The Deputy Prime Minister of Serbia, Aleksandar Vulin, said that when he was Minister of the Interior and Director of the Security and Information Agency (BIA), he made lists of those who are not welcome in Serbia.
“I made the lists as the Minister of Police and director of the BIA, based on the law and conscience. I regret that I have not devoted myself more to them, because I am seeing how many vile people have been forgotten. [President of Serbia] Aleksandar Vučić was not asked and should not have been asked about this,” Vulin said through a statement published on the website of his party, the Socialist Movement, Radio Free Europe’s Balkan Service reports.
His comments come in the wake of the controversy in the opinion of Serbia, after the Croatian singer, Severina Vuckovic, was detained for several hours at the border with Serbia, because she was on the “control list”.
Vulin said that there are people on the list who have sung or spoken about Serbia in a bad context.
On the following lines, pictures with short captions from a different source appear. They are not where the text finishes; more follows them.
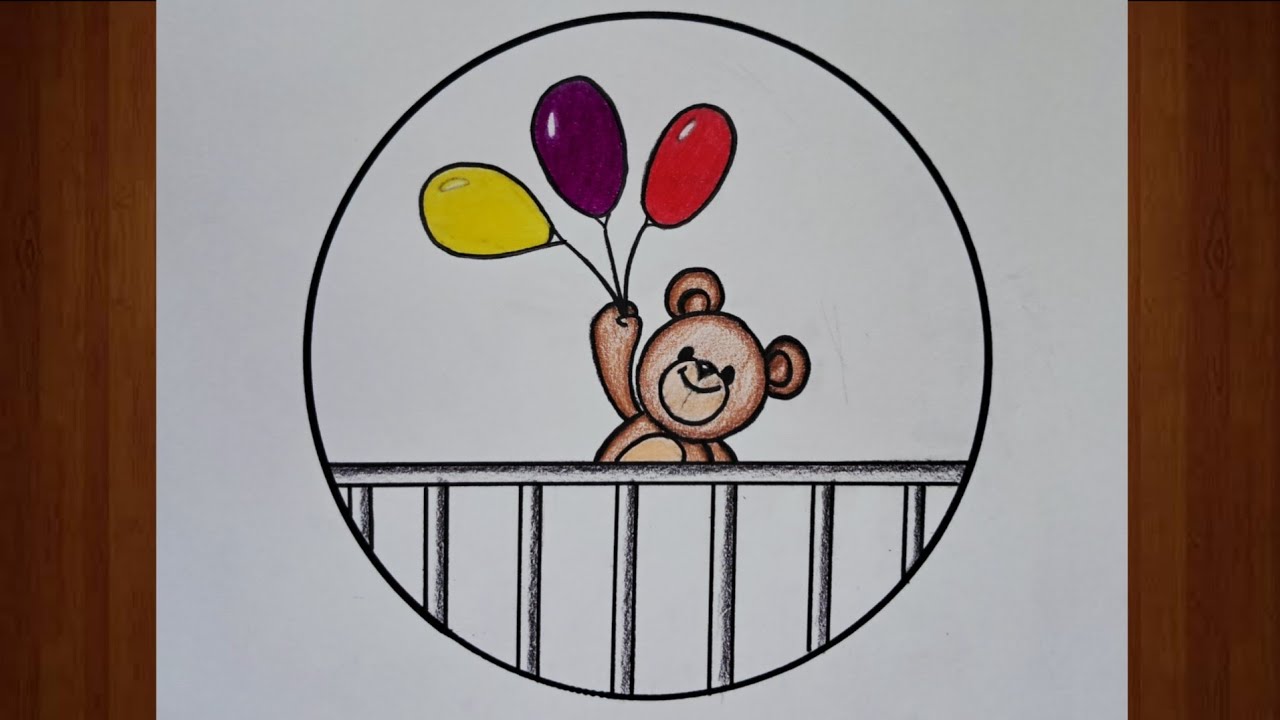 Teddy bear drawing with pencil sketch for beginners | how to draw circle Drawing | easy Drawing 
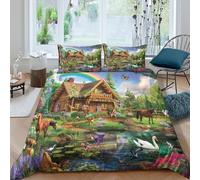 ZYGAOKDD 3d Printed Bedding Set Animal Cabin Duvet Cover Set Soft Microfiber Comforter Cover 3 Pieces Bedding with Zipeer Closure for Kids Teens Adults King（220x240cm）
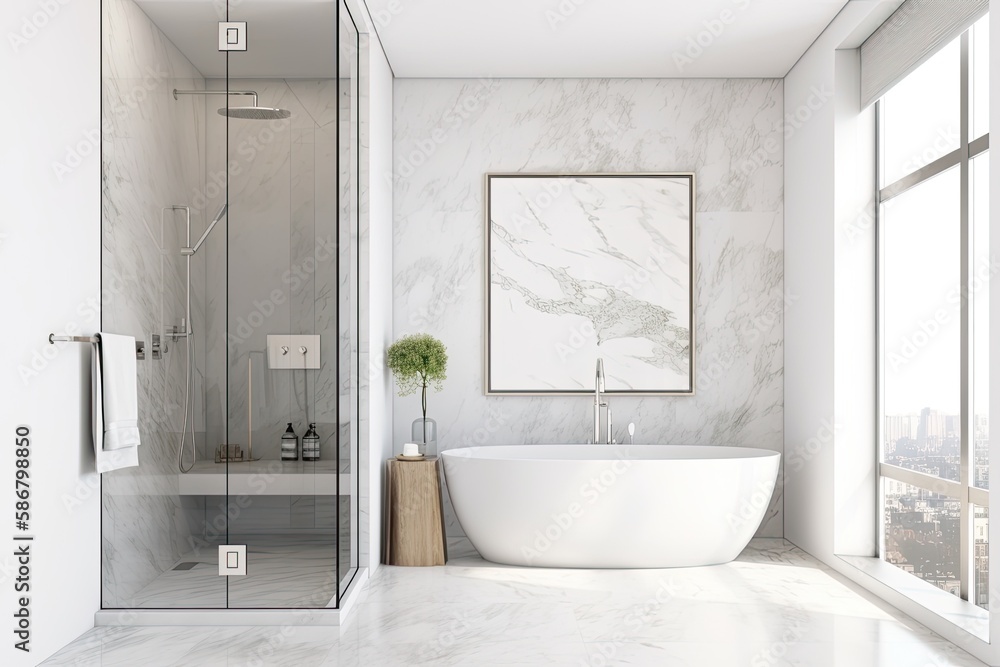 Mock up of a corner of a gray bathroom with white walls, a tub nearby, a poster hanging above it, an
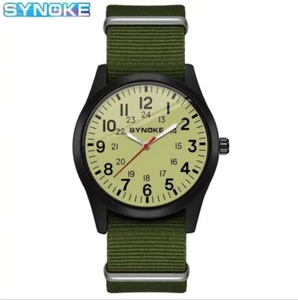 Swiss Wristwatch Men's Slim Sport Watch Military Analog Army Quartz Canvas Strap - Picture 1 of 10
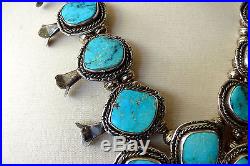 Old Pawn Native American Sterling Silver &Blue Turquoise Squash Blossom Necklace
“In the lists that I submitted to the competent bodies, there were foreign citizens who came to Serbia to participate in violent protests, but also drug lords – from Sarajevo to Pristina and Skopje,” said Vulin.
He added that the list for “mandatory ban and increased control” also included MPs from the Assembly of Montenegro, who voted for Serbia as genocidal.
Singer Severina Vuckovic was released after a few hours at the border, on August 25, but then did not enter Serbia.
“They asked me what I think about Srebrenica, about [operation] Storm, why I supported the demonstrations against the extraction of lithium…”, among other things Vuckovic said after the incident.